# Image-text web data
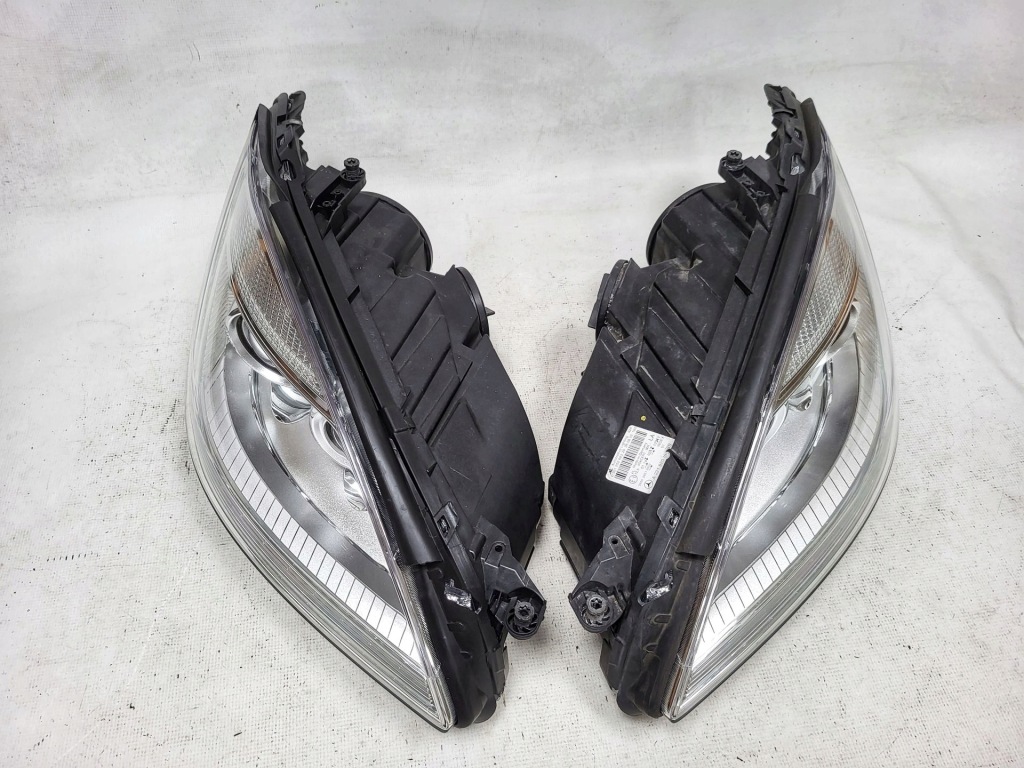 Mercedes w221 lifting bi- ксенон ils ночь vision a2218207159 a2218207259 Доставка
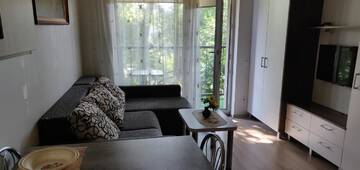 Фото Апартаменты Livingpalanga- malunovilos г. Паланга 3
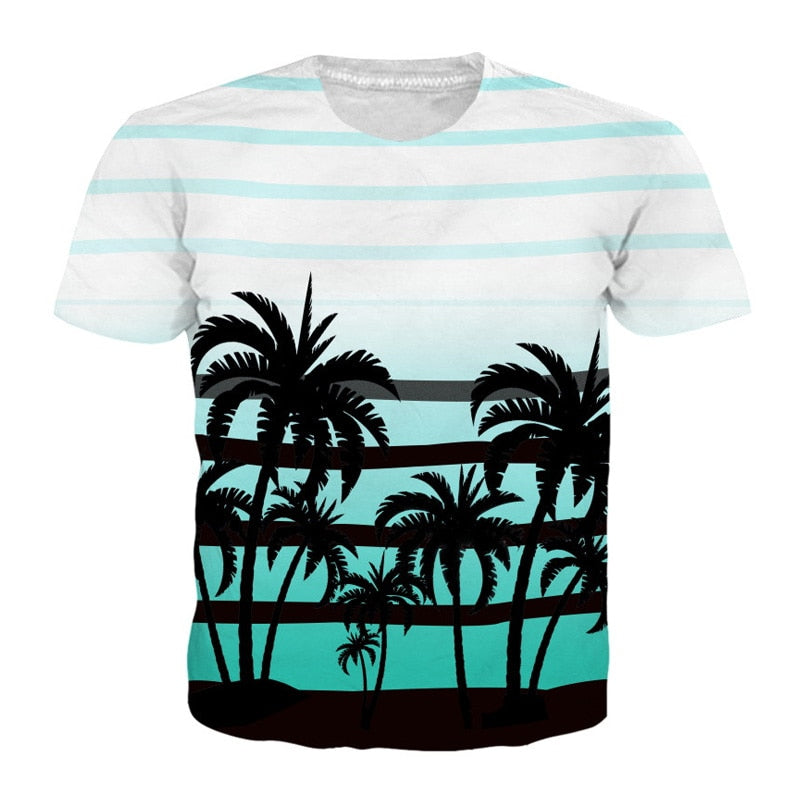 hawaii palms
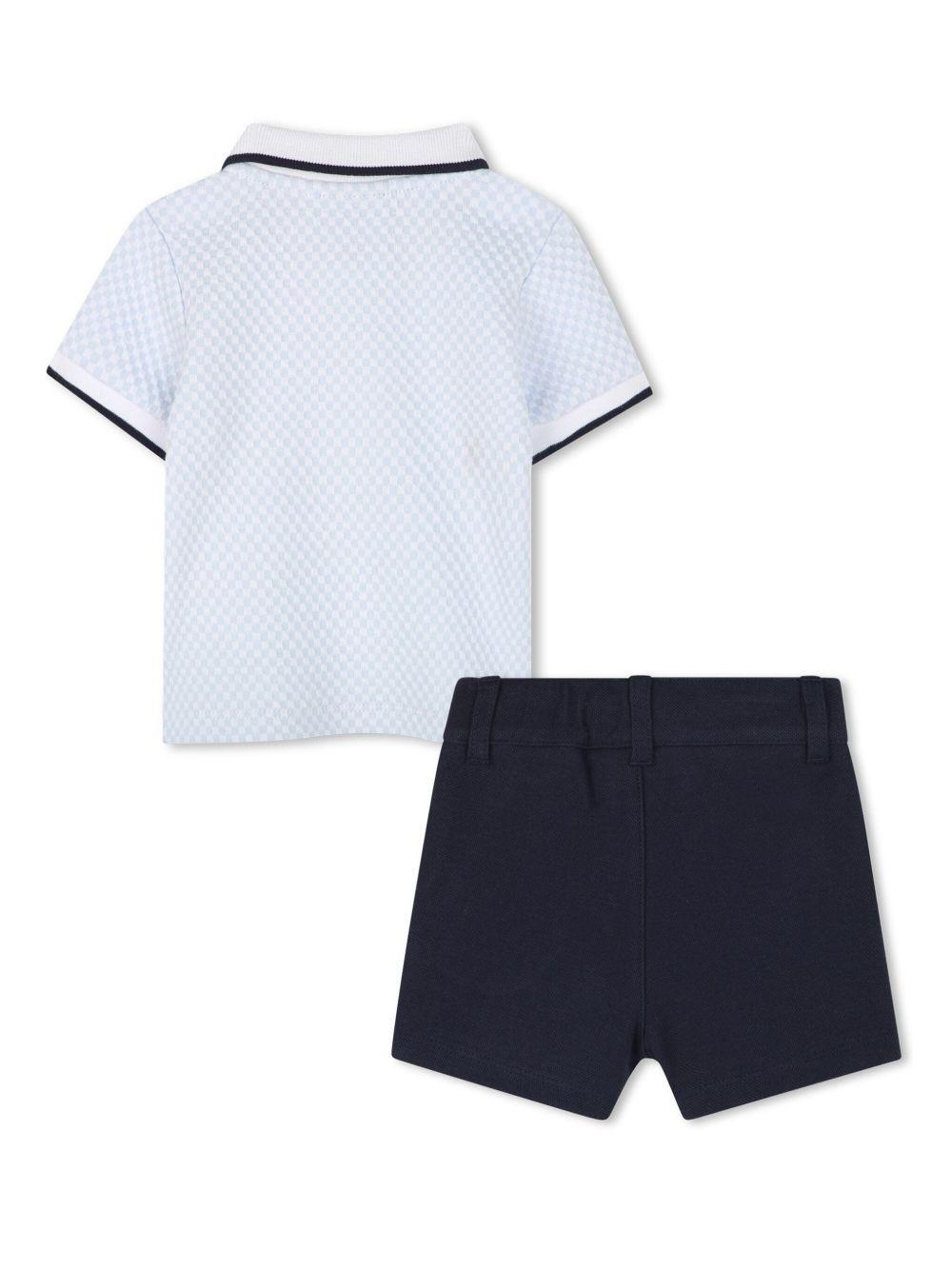HUGO BOSS KIDS J52212771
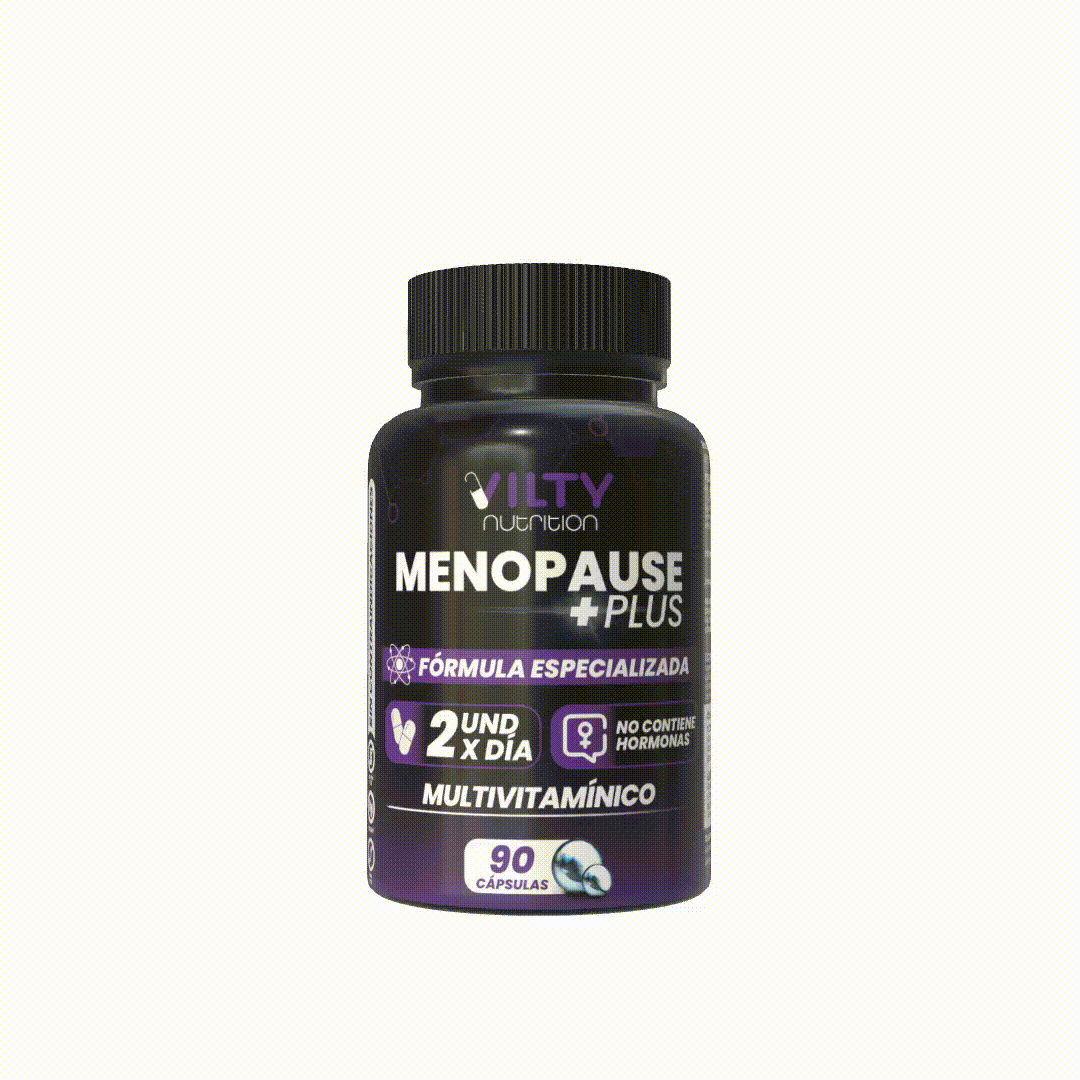 VIL Menopause Plus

# Work order
Repeat the data above exactly, leaving out any pictures it holds.

# Solution to the problem
 Mercedes w221 lifting bi- ксенон ils ночь vision a2218207159 a2218207259 Доставка
 Фото Апартаменты Livingpalanga- malunovilos г. Паланга 3
 hawaii palms
HUGO BOSS KIDS J52212771
 VIL Menopause Plus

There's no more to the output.